We hurried back and he was holding out his fishing pole for me to take. “I saw this fella jump up and he’s an old one. He wouldn’t be good for eatin’. I don’t want him. You want to try to land him?”

“I sure would! Thanks!” I said, as I grabbed the pole. Although I had only met this man that morning, after three hours of fishing near him he had come to learn that I’d always wanted to catch a big fish. (Up until this day, my greatest fishing experience had been catching a two-pound carp from the bottom of Lake Mojave when I was 12 years old.)

I followed all the advice my fishermen comrades eagerly gave me. “Reel in as you move the pole down to the water, then pull back,” my husband said. “Let him run with it for a while. You can tire him out that way,” said Red Beard. I reeled in and pulled back and let that big ol’ fish run as much as he wanted. A half hour of all that and he was getting closer to the pier. I saw him jump out of the water several times. Someone said it was a Chinook salmon. Unlike my fishing mentor with the red beard, I couldn’t tell anything about this fish’s age, but I could tell he was big-he was as long as a bathtub and as big around as a football! And I was catching him!

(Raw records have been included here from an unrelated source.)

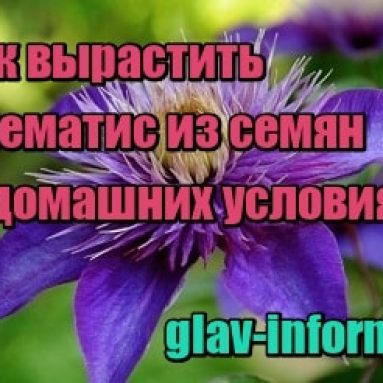 Как вырастить из семян клематисы в домашних условиях?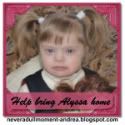 Help bring Alyssa home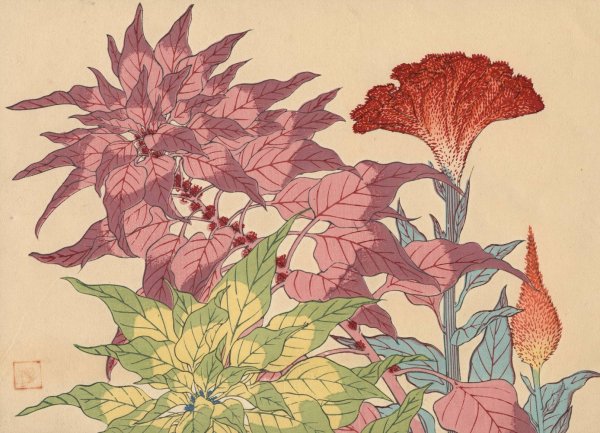 Cocks-comb  by Sakai Hoitsu - Hand-Painted Oil Painting Reproduction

After nearly forty minutes of fighting, my arms were getting tired and I was hoping Monstro was also getting tired. He was very near the pier now, because all the fishermen were becoming electrified. One angler held a big fish net, ready to scoop him up when I got him close enough. My husband was getting the camera ready. Others were standing around cheering me on.

As he got within a pole’s length from us, we all thought I had him, but abruptly I noticed everything got quiet in the water around the pole. I tugged on the pole and it took just seconds for me to realize my prize had escaped. Red Beard explained what happened. It seems there was a big power cable in the water running between the pilings on the pier and Moby must have swam over and around that cable to snap the line. He got away with the hook still in him.

I was very disappointed, of course. There went my hope of catching a big fish. But now, twenty years later, I enjoy thinking about how that old fella outsmarted all of us. What’s even better than a salmon dinner, is to be able to talk about the big one that got away.